About this exercise: Below are some records. Return exactly the lines from the one containing "Holiday house Cottage" through the one containing "Cane Corso - Foto 4", both included, and only those.

Exercise materials:
──────
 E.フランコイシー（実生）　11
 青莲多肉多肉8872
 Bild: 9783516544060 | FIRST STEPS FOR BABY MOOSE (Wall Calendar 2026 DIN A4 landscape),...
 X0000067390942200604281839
──────
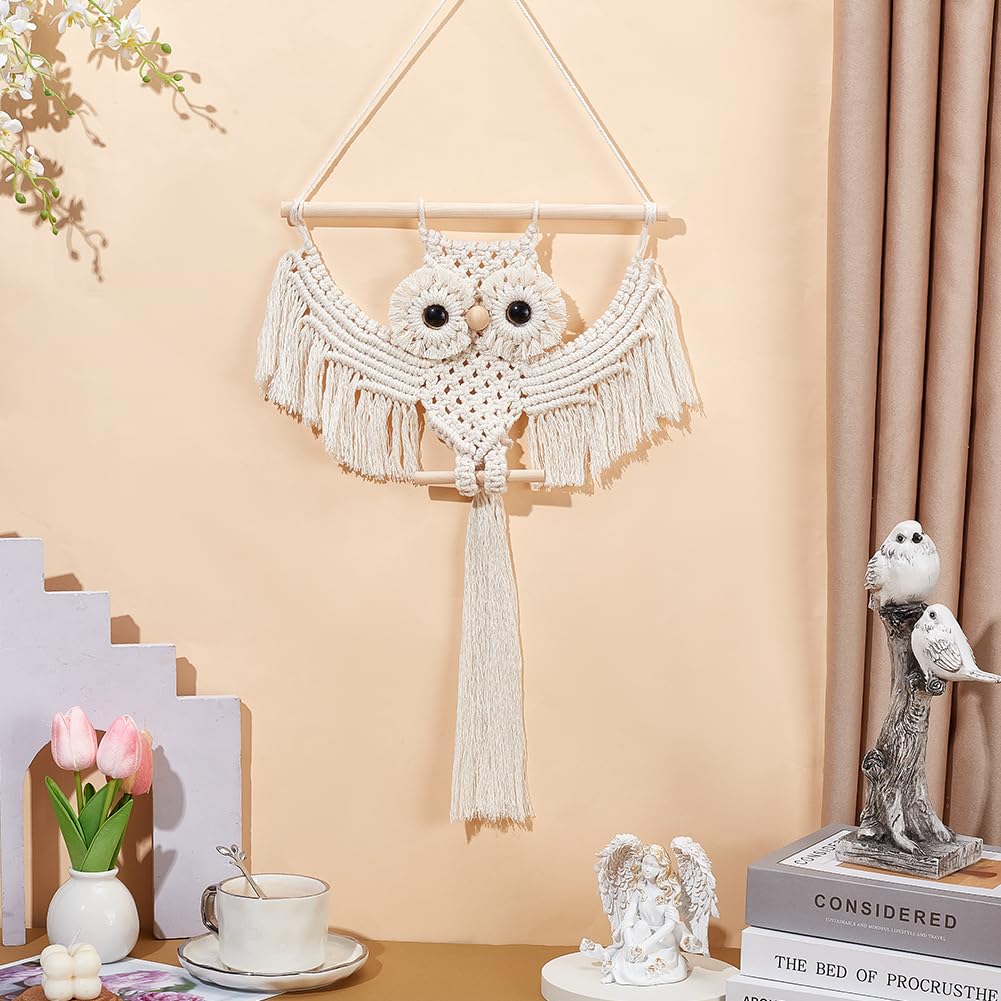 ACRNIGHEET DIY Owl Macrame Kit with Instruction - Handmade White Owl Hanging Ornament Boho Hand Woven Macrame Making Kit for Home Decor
──────
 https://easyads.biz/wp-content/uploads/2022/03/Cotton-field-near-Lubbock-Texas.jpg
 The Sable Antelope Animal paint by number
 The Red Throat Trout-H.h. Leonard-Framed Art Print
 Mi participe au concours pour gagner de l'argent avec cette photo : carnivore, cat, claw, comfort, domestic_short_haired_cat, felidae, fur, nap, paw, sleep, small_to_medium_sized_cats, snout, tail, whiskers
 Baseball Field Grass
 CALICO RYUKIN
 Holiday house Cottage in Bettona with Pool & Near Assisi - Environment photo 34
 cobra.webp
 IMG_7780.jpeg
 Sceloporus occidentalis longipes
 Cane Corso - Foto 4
──────
Your solution:
 Holiday house Cottage in Bettona with Pool & Near Assisi - Environment photo 34
 cobra.webp
 IMG_7780.jpeg
 Sceloporus occidentalis longipes
 Cane Corso - Foto 4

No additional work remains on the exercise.